8 de marzo de 2013

El hablador

     Fuera del escenario, esperaban cuatro personas a que les dieran el turno para demostrar ante un director de escena sus habilidades como actores. Uno de ellos era un sujeto algo perturbado que empleaba el tiempo de espera en mostrar su verborrea, muy desagradable por el alto volumen de su voz, aguda y poco armoniosa, y por la índole desalmada de las ideas que expresaba.
     -Yo no digo que la gente que no es inteligente sea mala gente -decía este personaje- pero deberían estar bajo la tutela de alguien. Y en la política debería ocurrir igual: los políticos, como personas de gran inteligencia que son, no nos deberían permitir que nos condujéramos libremente, deberían guiarnos, someternos como buenos padres, impedir que cometiéramos errores por vivir a nuestro propio arbitrio. Yo me sentiría más seguro si encima de mí hubiera alguien que tomara las decisiones más importantes de mi vida y también si a los que hay por debajo de mí pudiera obligarles a que no hicieran cosas que perjudicaran a la sociedad ni a ellos mismos. La inteligencia determinando el destino de la Humanidad... ¡Así me gustaría a mí que funcionara el mundo!
     Otro de los aspirantes a actor, por no seguir oyendo estas cosas, dijo entonces:
     -Ha venido también público a ver el casting. Al que aplaudan lo tendrá más fácil, creo yo.
     -No es por vanidad -dijo el individuo hablador- pero yo tengo cierta habilidad para despertar ovaciones.
     -¿En serio? -dijo el otro actor-. ¿Y cómo lo consigues? Muy buen actor hay que ser para que te den una ovación.
     -En realidad, solo hace falta tener pasión por el oficio -dijo el hablador-. Y, sobre todo, hacer una escena de llanto. Eso los vuelve locos. Yo he llegado a meterme cebolla en el ojo para llorar de verdad aunque escueza. La chusma, cuando ve derrumbarse a un hombre superior, experimenta un entusiasmo que no puede reprimir.
     -Eso es muy discutible -dijo el otro-. No hay hombres superiores.
     -Yo creo que sí los hay -dijo el de la verbosidad desproporcionada-. De hecho yo me considero inferior a muchas personas. Para mí la mayor prueba de superioridad es la capacidad lógica. Yo disfruto con las partidas largas de ajedrez. No hay placer más etéreo en este mundo que las emociones del ajedrez...
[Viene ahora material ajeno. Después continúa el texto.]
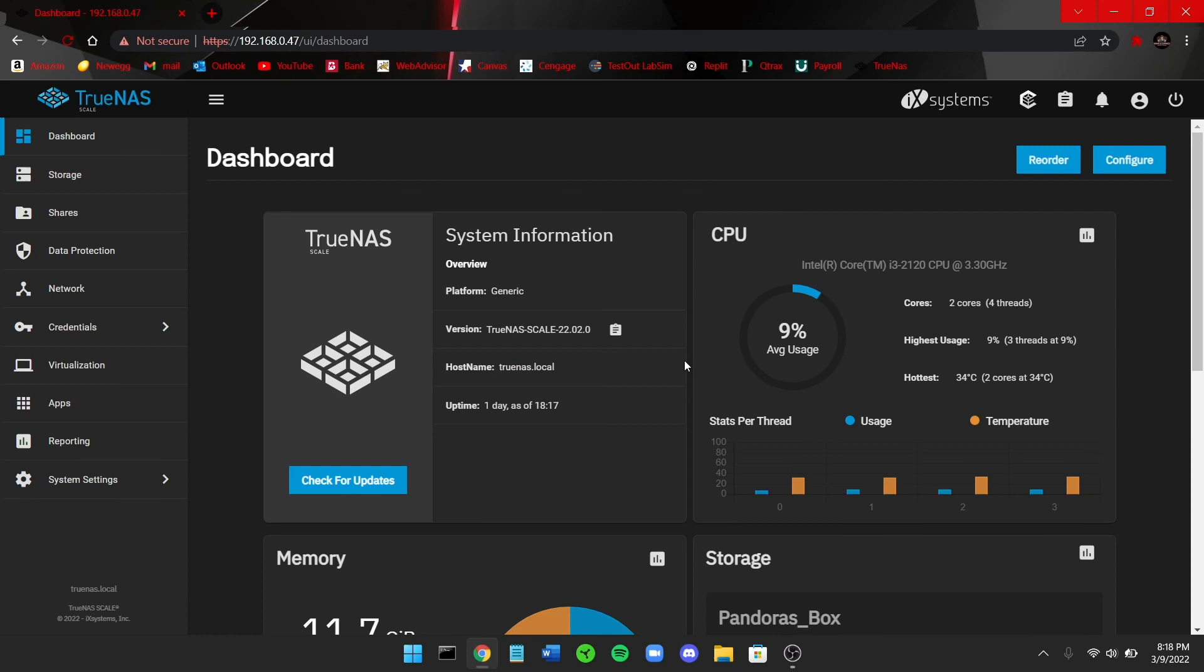Okay, so that concludes pretty much my presentation of TrueNAS Scale and pretty much what I've been working on for the past couple days now. I hope y'all enjoyed my presentation.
     Otro de los actores se estaba cansando seriamente de las tonterías del hablador e intervino diciendo:
     -Yo no he jugado en mi vida al ajedrez y no veo que tenga nada de emocionante a juzgar por lo parados que están los jugadores.
     -Es una emoción muy semejante a la del actor -dijo el de la lengua kilométrica-. Tus facultades se ponen en marcha con el fin de lograr ponerte en la piel del otro para poder derrotarlo. Eres tú pero como viviendo en otra conciencia.
     -Ya lo he comprendido... pero a la perfección -dijo el desconocedor del ajedrez-: es justamente la emoción de un microbio.